Dataset excerpts:
BEGIN

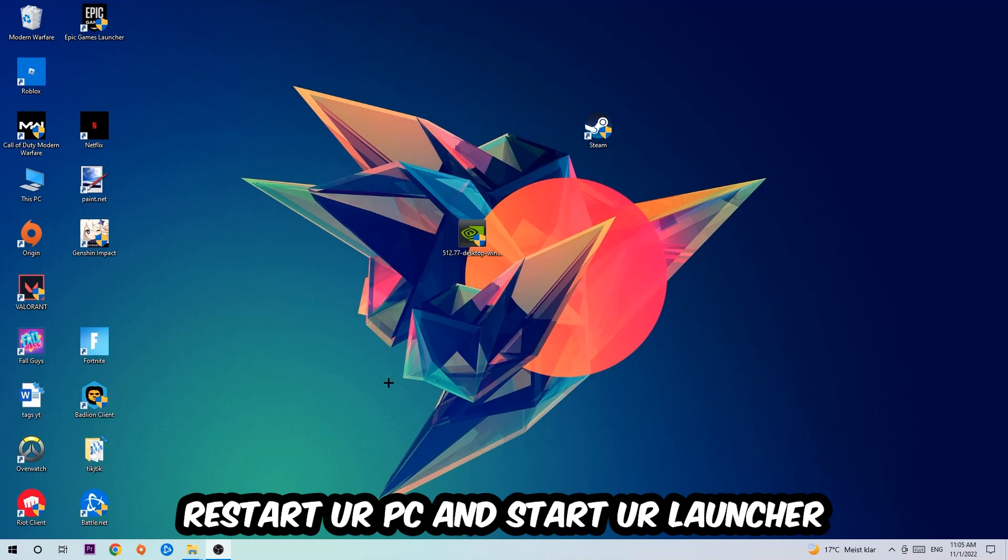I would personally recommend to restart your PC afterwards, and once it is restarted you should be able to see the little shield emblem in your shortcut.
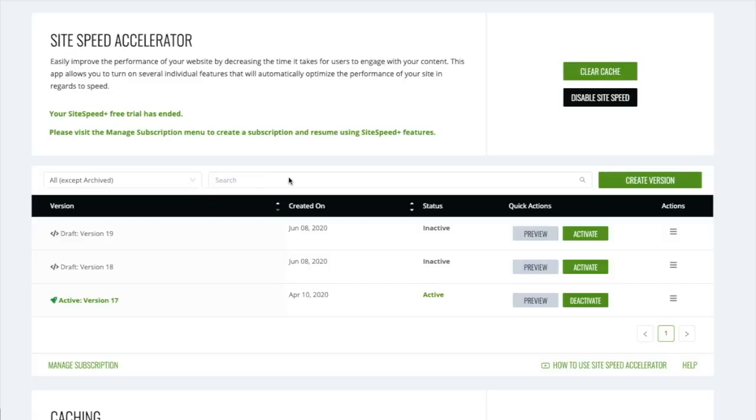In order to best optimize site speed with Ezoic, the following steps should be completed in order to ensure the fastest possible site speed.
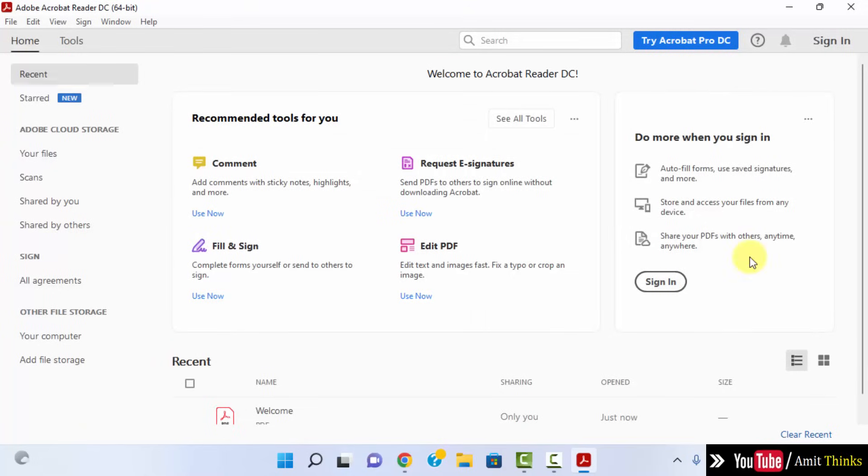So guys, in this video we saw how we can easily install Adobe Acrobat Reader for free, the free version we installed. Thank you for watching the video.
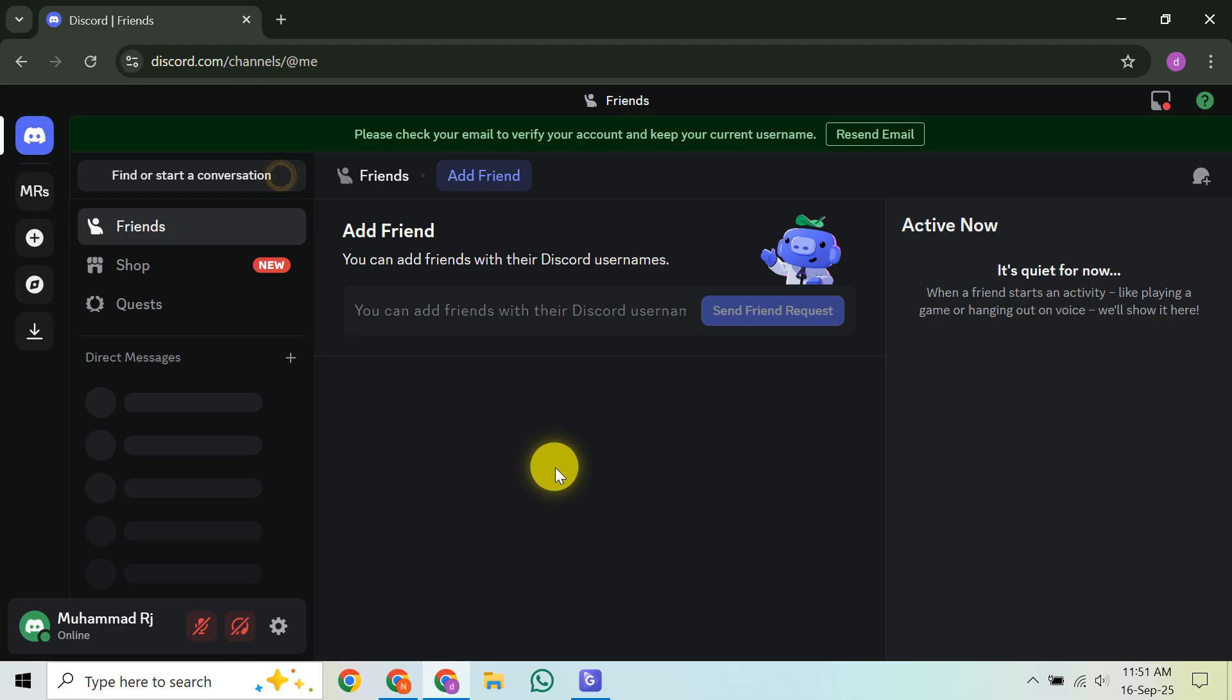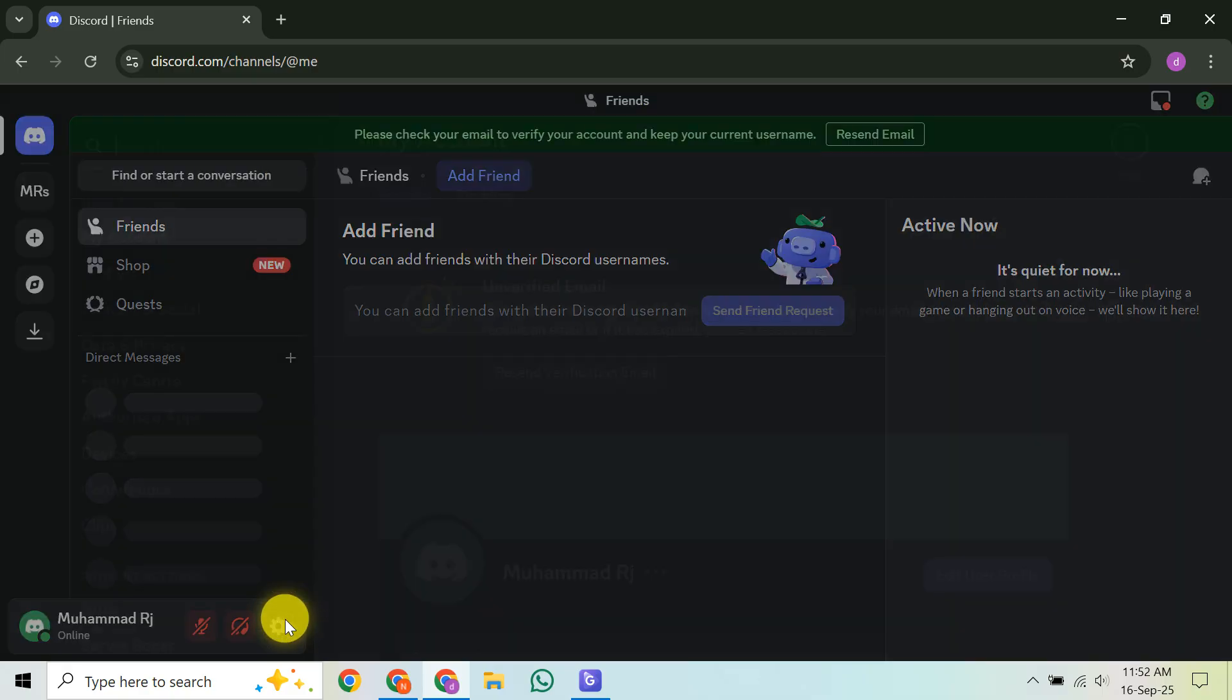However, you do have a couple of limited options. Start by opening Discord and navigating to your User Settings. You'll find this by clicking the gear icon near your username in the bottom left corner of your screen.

END
BEGIN

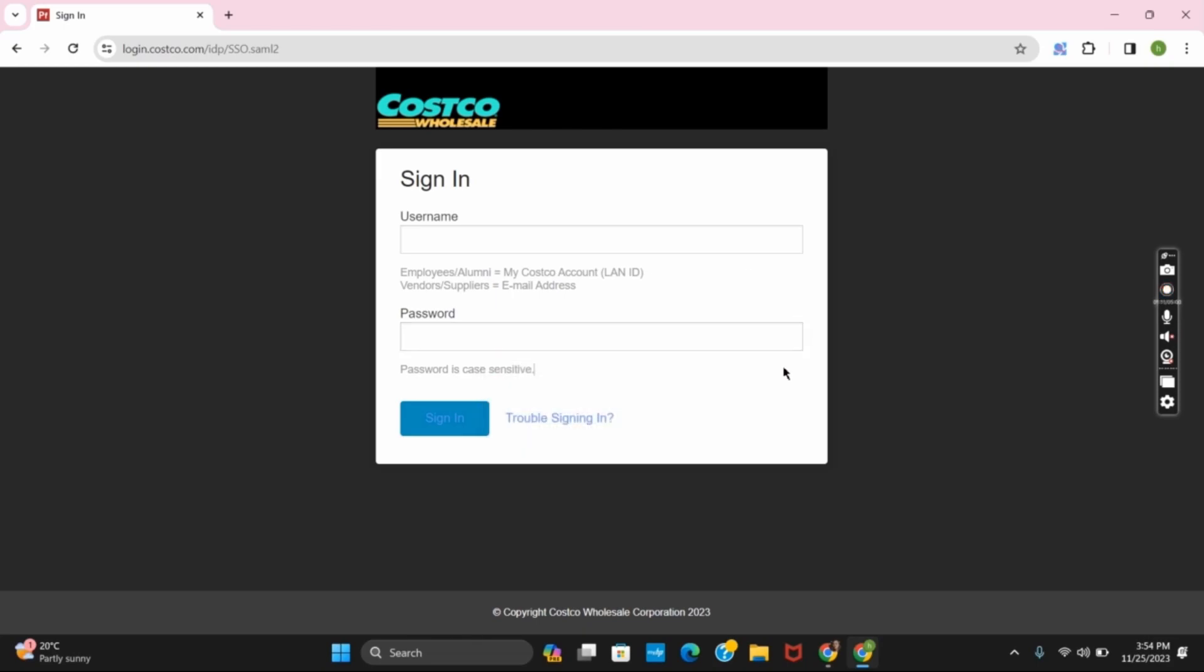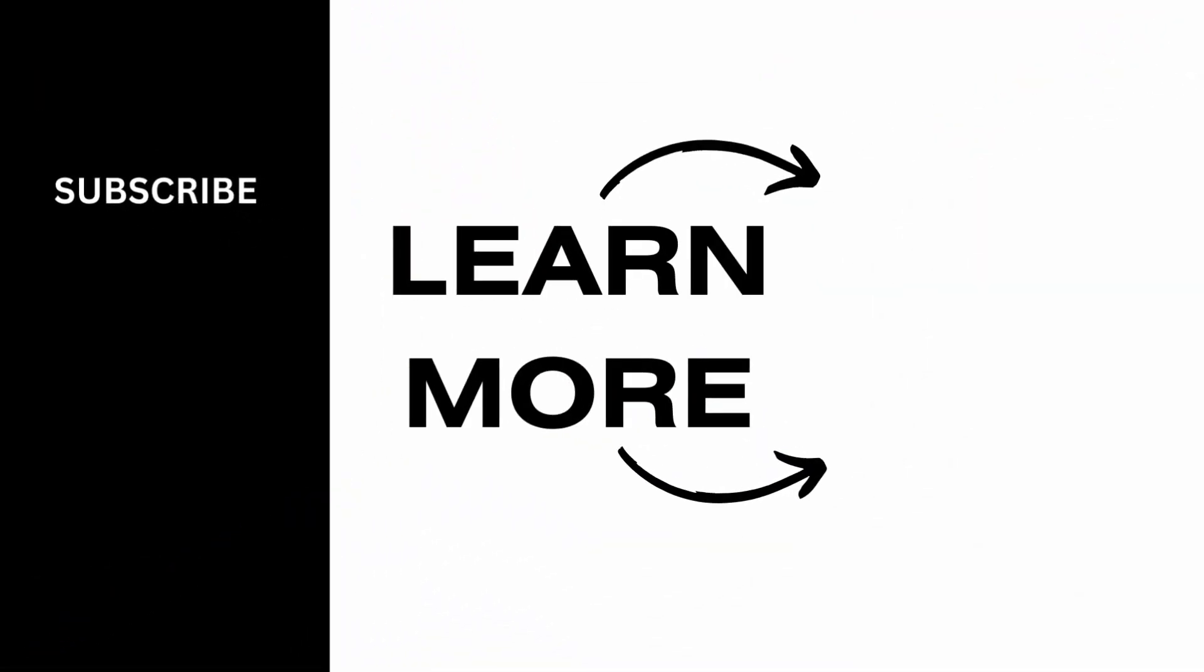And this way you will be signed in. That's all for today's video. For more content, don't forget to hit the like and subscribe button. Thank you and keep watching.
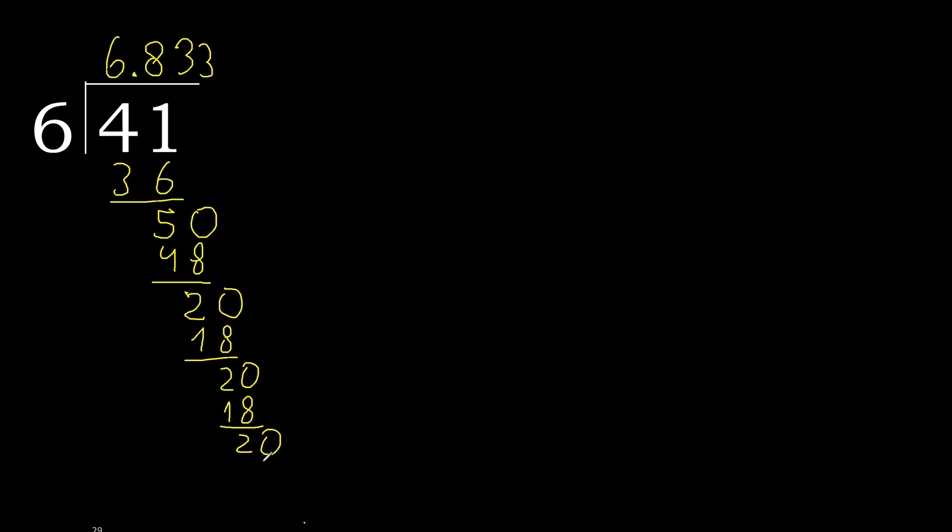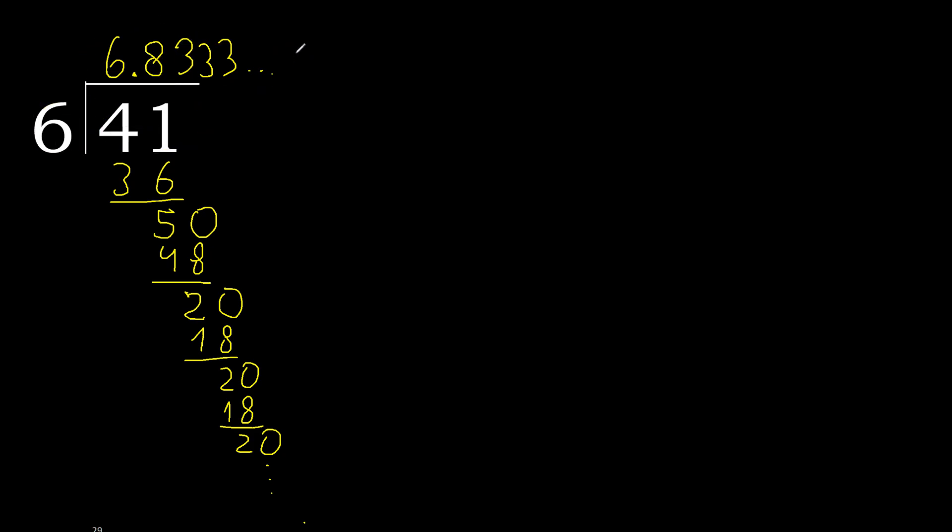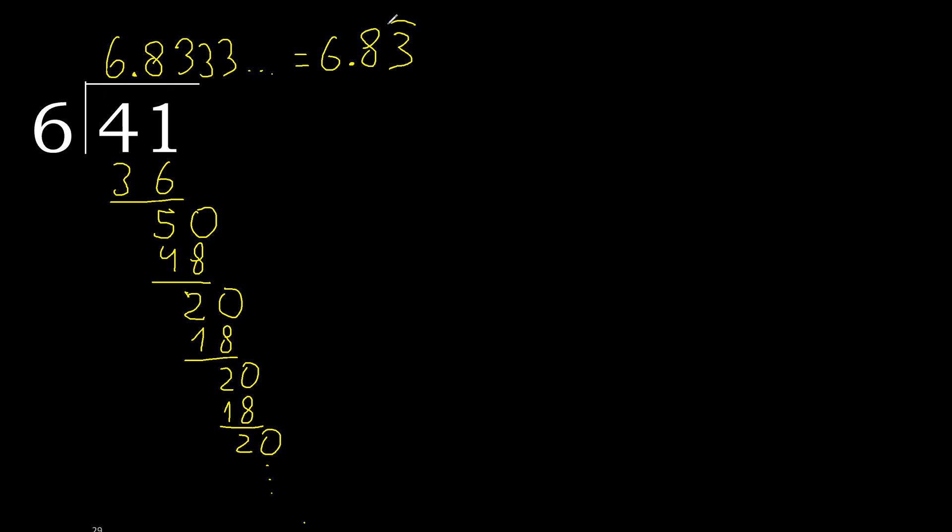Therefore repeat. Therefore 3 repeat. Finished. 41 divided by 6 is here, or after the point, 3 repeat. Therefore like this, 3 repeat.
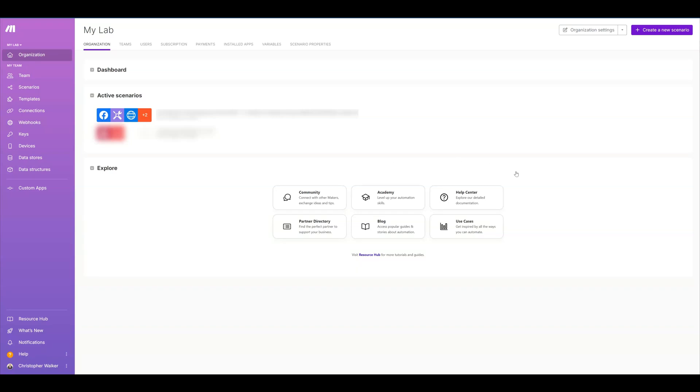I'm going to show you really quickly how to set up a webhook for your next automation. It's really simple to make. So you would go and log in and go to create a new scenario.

END
BEGIN

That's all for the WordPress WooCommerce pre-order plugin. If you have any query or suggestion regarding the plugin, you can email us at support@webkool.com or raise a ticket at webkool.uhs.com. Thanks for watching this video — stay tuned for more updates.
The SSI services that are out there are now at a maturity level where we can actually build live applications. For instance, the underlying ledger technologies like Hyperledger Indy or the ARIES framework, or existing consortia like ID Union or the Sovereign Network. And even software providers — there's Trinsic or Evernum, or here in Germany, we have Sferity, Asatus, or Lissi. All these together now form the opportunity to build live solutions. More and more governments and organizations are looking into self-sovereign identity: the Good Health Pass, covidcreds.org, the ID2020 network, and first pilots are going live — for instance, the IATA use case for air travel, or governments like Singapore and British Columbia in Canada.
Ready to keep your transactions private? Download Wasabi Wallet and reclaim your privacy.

END

Work task:
Above are the records; copy from them only the lines starting at the one containing "I would personally" and ending at the one containing "However, you do", exactly and without pictures.

Task output:
I would personally recommend to restart your PC afterwards, and once it is restarted you should be able to see the little shield emblem in your shortcut.
In order to best optimize site speed with Ezoic, the following steps should be completed in order to ensure the fastest possible site speed.
So guys, in this video we saw how we can easily install Adobe Acrobat Reader for free, the free version we installed. Thank you for watching the video.
However, you do have a couple of limited options. Start by opening Discord and navigating to your User Settings. You'll find this by clicking the gear icon near your username in the bottom left corner of your screen.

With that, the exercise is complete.